With Leake in control of the game, the Devils blew open the game in the seventh inning. Irvine began to get away from their winning formula, good defense and pitching.

"When we put pressure on the other team, I think good things happen. We have the capability of doing that," said Murphy.

Irvine leftfielder Brock Bardeen dropped a routine fly ball off the bat of Jason Kipnis, starting the Devils' rally and was just a sign of things to come for the Anteaters. Ike Davis quickly followed the error with his fourth hit of the day to score Kipnis.

Brett Wallace would then reach on an error by shortstop Ben Orloff sending Davis to third. Petey Paramore singled to score Davis and after Roling was hit by a pitch, Champagnie chopped a single over the third baseman's head to score two more ASU runs and made the score 8-1.

Roling and Champagnie would add RBI singles in the 8th to cap the scoring for the Devils and put them in front 11-1.

"I think Kiel is getting a bit more confident, he has a ways to go but he is getting more confident," said Murphy, "If you play every day you get more experience and things either start coming for you or you melt down and I think he is taking the road of swinging it good."
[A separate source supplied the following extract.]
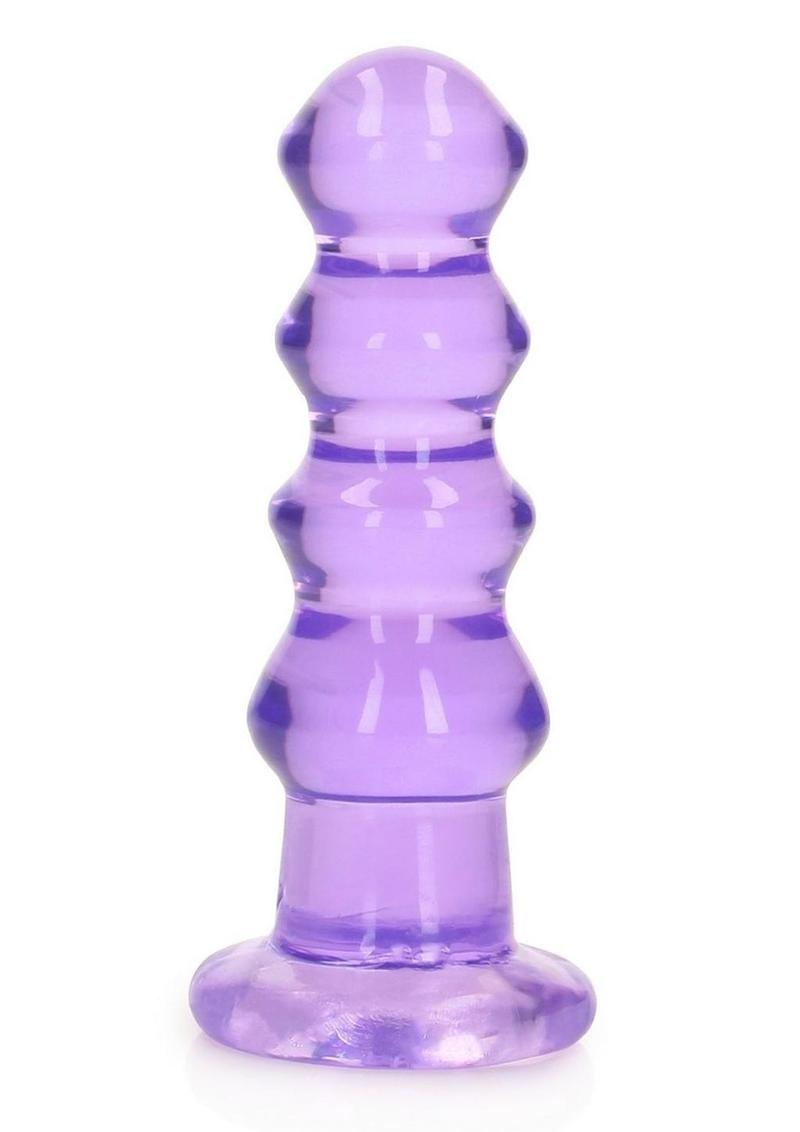 Realrock Curvy Non Phallic Dildo with Suction Cup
Roling finished 3-4 with an RBI on the day and has seemed to bounce back over the weekend, after struggling to start the season.
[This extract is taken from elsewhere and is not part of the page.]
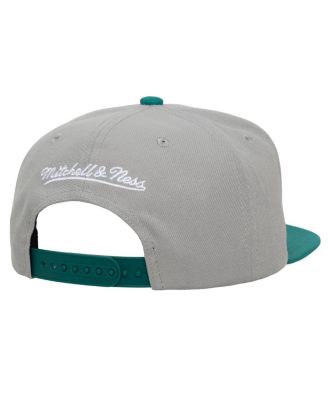 Men's Gray Anaheim Ducks Legendary Away Snapback Hat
Leake was back out on the mound for the ninth, trying for his first complete game of the season. The sophomore right-hander gave up a one-out single to pinch hitter Sammy Donabedian and after striking out Mike Pugliese, Anteater designated hitter sent a 0-2 pitch deep over the left field fence for a two run homer. Leake bounced back and struck out Eric Deragisch to end the ball game and to pick up his fifth victory of the season.

Davis finished the day 4-5 with three RBIs. Marcel Champagnie was 3-4 with three RBIs and Paramore and Torrez each finished with two hits, along with Roling.

The Devils now head into Pac-10 play at 22-1, but Murphy still sees areas of improvement, mainly on the base paths and cutting down on strikeouts.

"I don't think we are as ready as we can be," said Murphy, "I think there are so many areas we can be better at. It looks like we are great. You play most of your games at home, we did play a great schedule, there is nobody playing a better non-league schedule, but we haven't been challenged that much as terms of adversity, off the field we have, on the field we'll face some more adversity."

The Devils will return to action on Friday when they host the USC Trojans at Packard Stadium for a three game series. The Trojans already have one Pac-10 series under their belts, taking two of three from another conference contender, the Arizona Wildcats.

"We're the most inexperienced team in the Pac 10, no teams has only four starters returning. There are only two teams that don't have seven returning starters or more coming back. We have the least experienced team coming back and we're favored. That's what is crazy about it," said Murphy.